WHAT TO DO: Beneath this instruction is a block of data; output from it exactly the lines that run from the one containing "32-Inch 2-Tier Metal" through the one containing "Men's & Big", inclusive.

EXTRACTED RECORDS:
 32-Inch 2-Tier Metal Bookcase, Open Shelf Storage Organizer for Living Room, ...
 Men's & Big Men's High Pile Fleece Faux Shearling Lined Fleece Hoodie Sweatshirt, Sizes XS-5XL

* * *

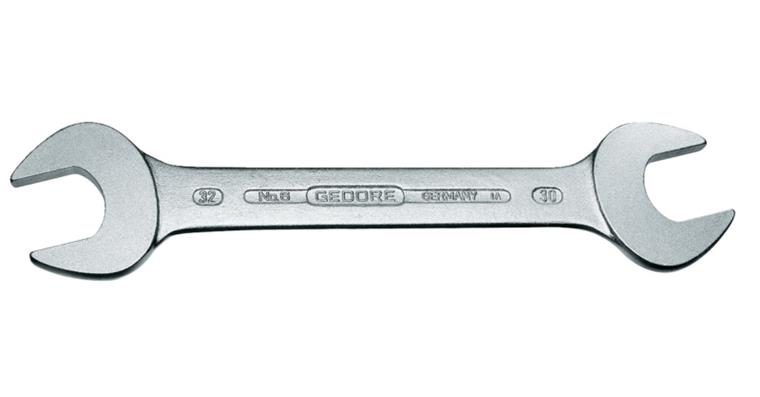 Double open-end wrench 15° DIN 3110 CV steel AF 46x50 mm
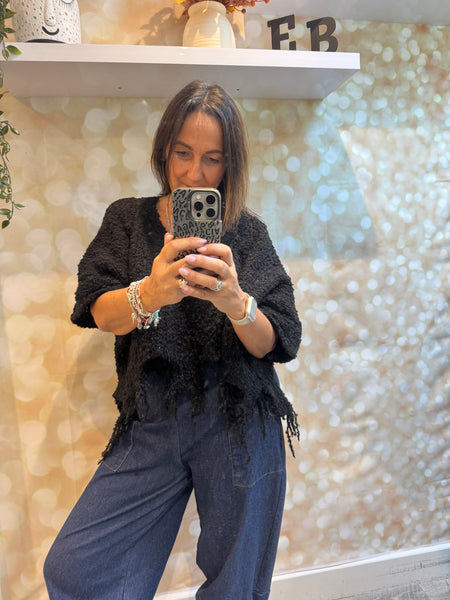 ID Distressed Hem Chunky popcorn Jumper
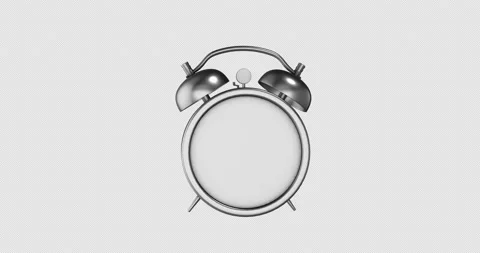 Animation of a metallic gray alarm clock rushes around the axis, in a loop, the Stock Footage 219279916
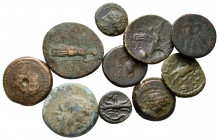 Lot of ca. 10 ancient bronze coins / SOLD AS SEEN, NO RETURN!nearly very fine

--

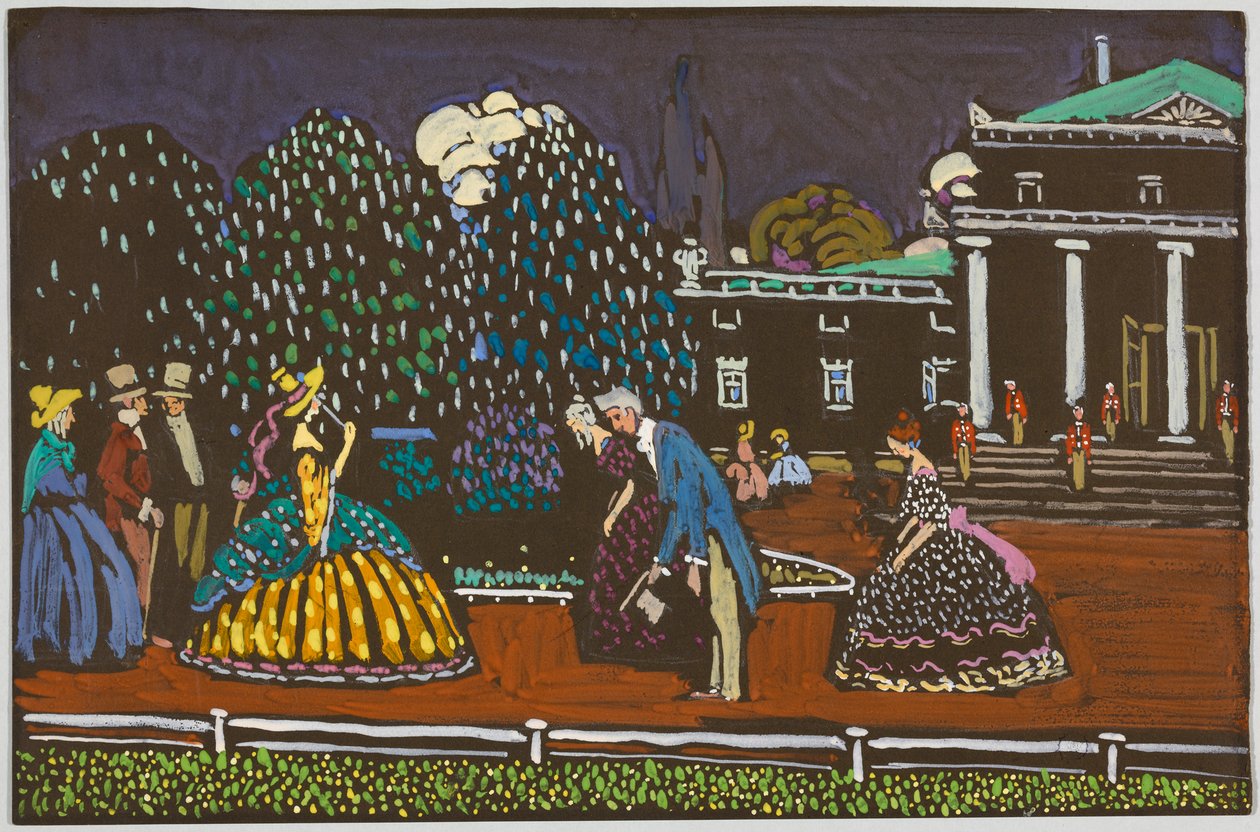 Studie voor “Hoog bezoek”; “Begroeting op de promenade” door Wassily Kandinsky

RESPONSE FOR THIS EXERCISE:
 32-Inch 2-Tier Metal Bookcase, Open Shelf Storage Organizer for Living Room, ...
 Men's & Big Men's High Pile Fleece Faux Shearling Lined Fleece Hoodie Sweatshirt, Sizes XS-5XL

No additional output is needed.